You can update a running application by using the following command to switch out an image, Kubernetes takes care of everything else. A new pod with the new image is started up, and when it reports as ‘Ready’, it takes over serving traffic.

kubectl set image deployment/<deploymentName> <containerName>=<newImage>:<newTag>

This process is described in greater detail in Updating a Deployment.

For example, the following command will issue an instruction to the Kubernetes Master to change the image used by the apps-producer-rest container of a deployment called myRelease-apps-rest-producer to minikube.local:5000/rest:vNext

kubectl set image deployment/myRelease-apps-rest-producer apps-producer-rest=minikube.local:5000/rest:vNext

The status of this change can be monitored using kubectl get pods --watch or kubectl rollout status deployment/myRelease-apps-rest-producer

If the rollout is not successful (for example, becasue of a typo), the last update can be rolled back:

kubectl rollout undo deployment/<deploymentName>

This is convenient when only a single image needs to be updated, and the changes do not require any database changes (for example, the Universal Access React application would be a good candidate).
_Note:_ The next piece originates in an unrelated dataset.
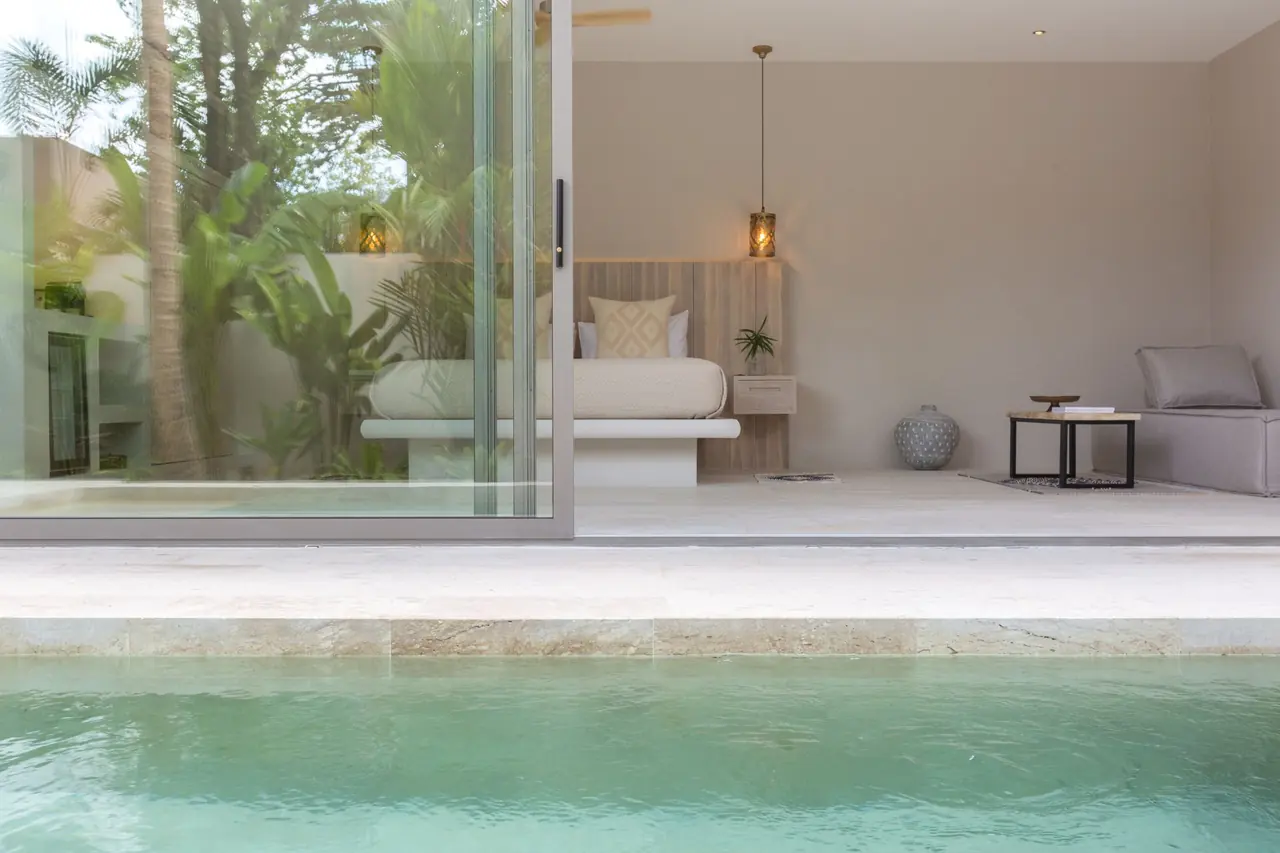 Bedroom seen across a private plunge pool through open glass doors, with the bed, lantern pendants, a side table and a grey daybed.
However, bulk updates of images or configuration should be handled with Helm.

Rolling out updates with Helm

An update using Helm can include configuration changes, as well as a change of Docker® images. Assuming that all images are tagged with the same tag, the upgrade command would look like the following example:

helm upgrade <releasename> <chartName> --reuse-values --set images.tag=vNext

The helm upgrade command keeps all the values used with the original helm install due to the --reuse-values flag, and only changes the images.tag value, so all new images are deployed with the vNext tag.

Like kubectl, if you must reverse any configuration changes applied by the last action, use helm rollback <releasename>.

The full documentation of the helm upgrade command is available on the Helm Updating a Deployment page.

Upgrade with SQL changes

Both of the scenarios described assume a no-impact, zero-downtime upgrade, that is no changes to the database are required. However, should the rollout include schema changes, the application must be halted. This must be coordinated together with your IT Operations and DBA teams.

To halt the application for the duration of the upgrade without deleting all Kubernetes objects, the application can be scaled down to 0 pods:

kubectl scale --replicas=0 deployment/<deploymentName>

After the database upgrade is completed, the new version of application code can be rolled out using the Helm method described in Rolling out updates with Helm.

Note: The kubectl scale command can be used to horizontally scale your application.